TASK TO COMPLETE - Your task is to return exactly the lines that run from the one containing "Well wandlamp 11670 - Goud/wit" through the end of the listing below, without any pictures.

RECORDED DATA -

---------------

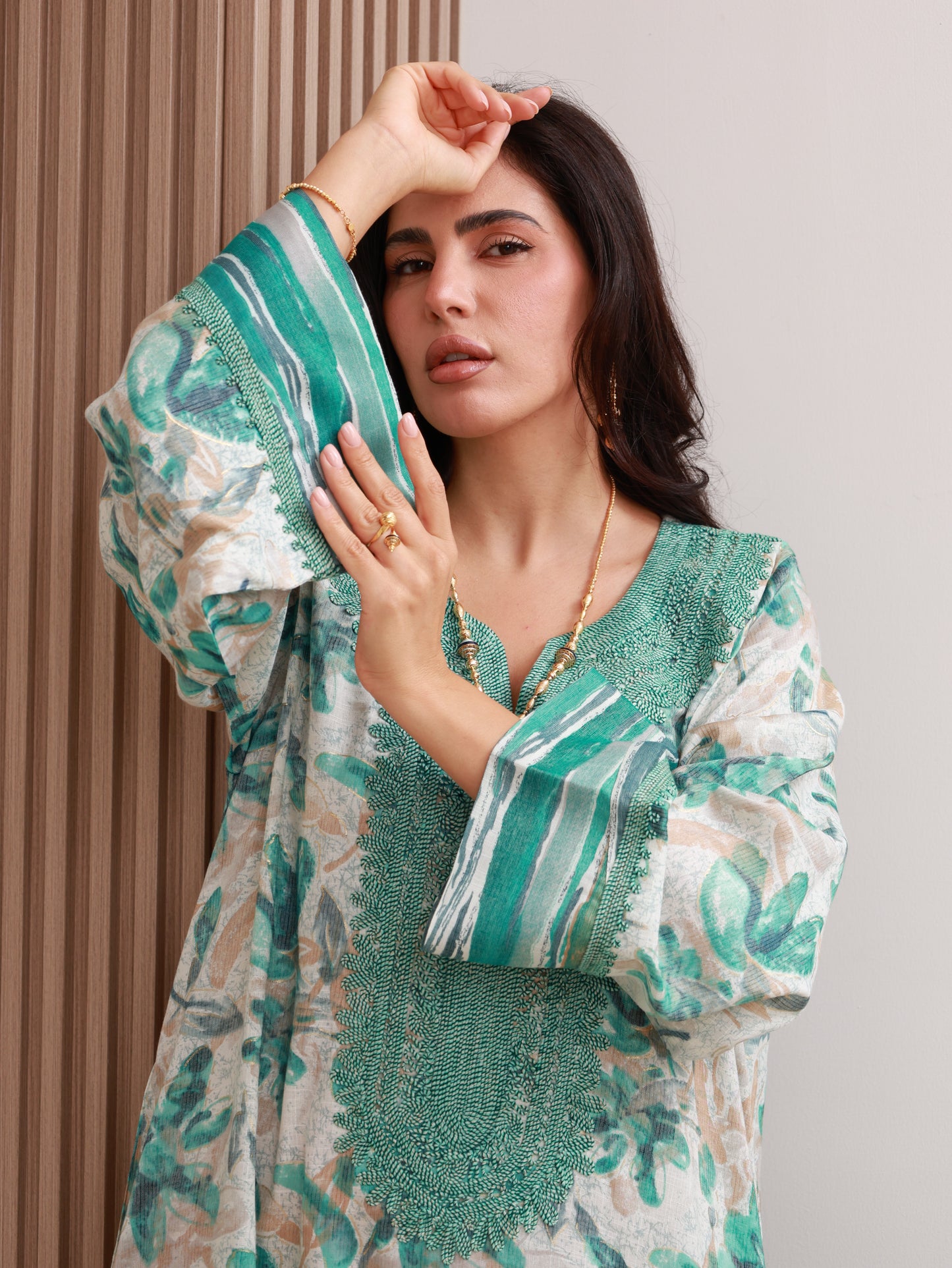 Teal Bloom Kaftan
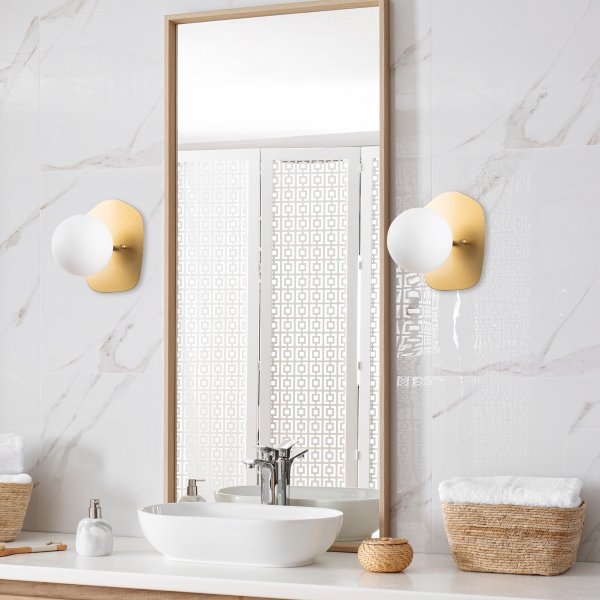 Well wandlamp 11670 - Goud/wit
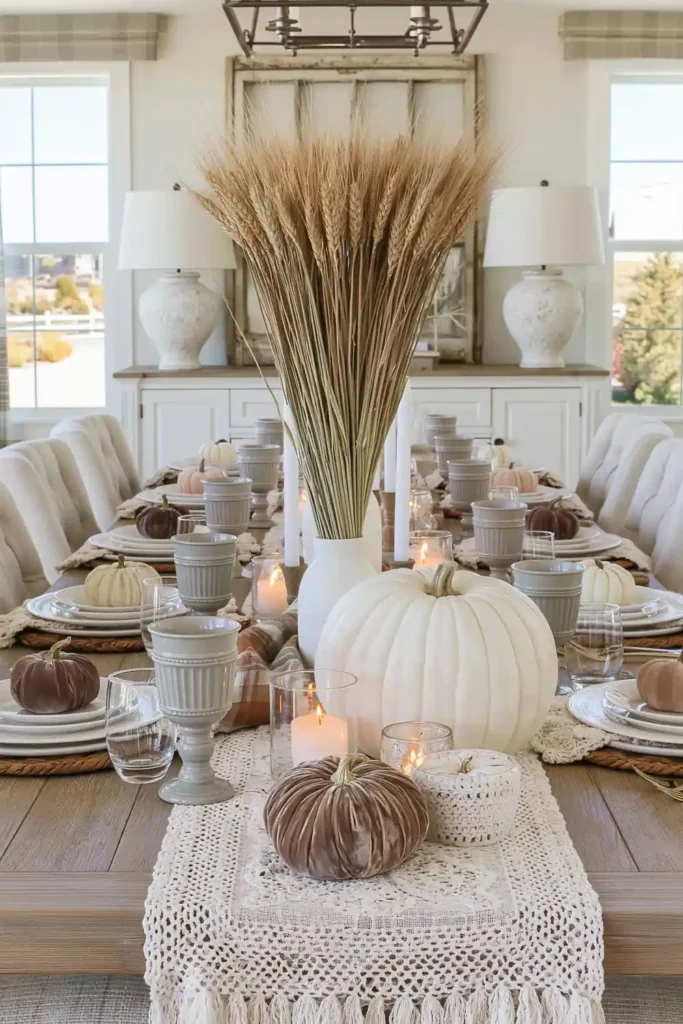 31 Fall Table Decor Ideas for Entertaining in a Warm, Seasonal Style 24 Country harvest table with dried wheat, lace textiles, white pumpkins, candles, gray goblets, and velvet pumpkins.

---------------

YOUR SOLUTION -
 Well wandlamp 11670 - Goud/wit
 31 Fall Table Decor Ideas for Entertaining in a Warm, Seasonal Style 24 Country harvest table with dried wheat, lace textiles, white pumpkins, candles, gray goblets, and velvet pumpkins.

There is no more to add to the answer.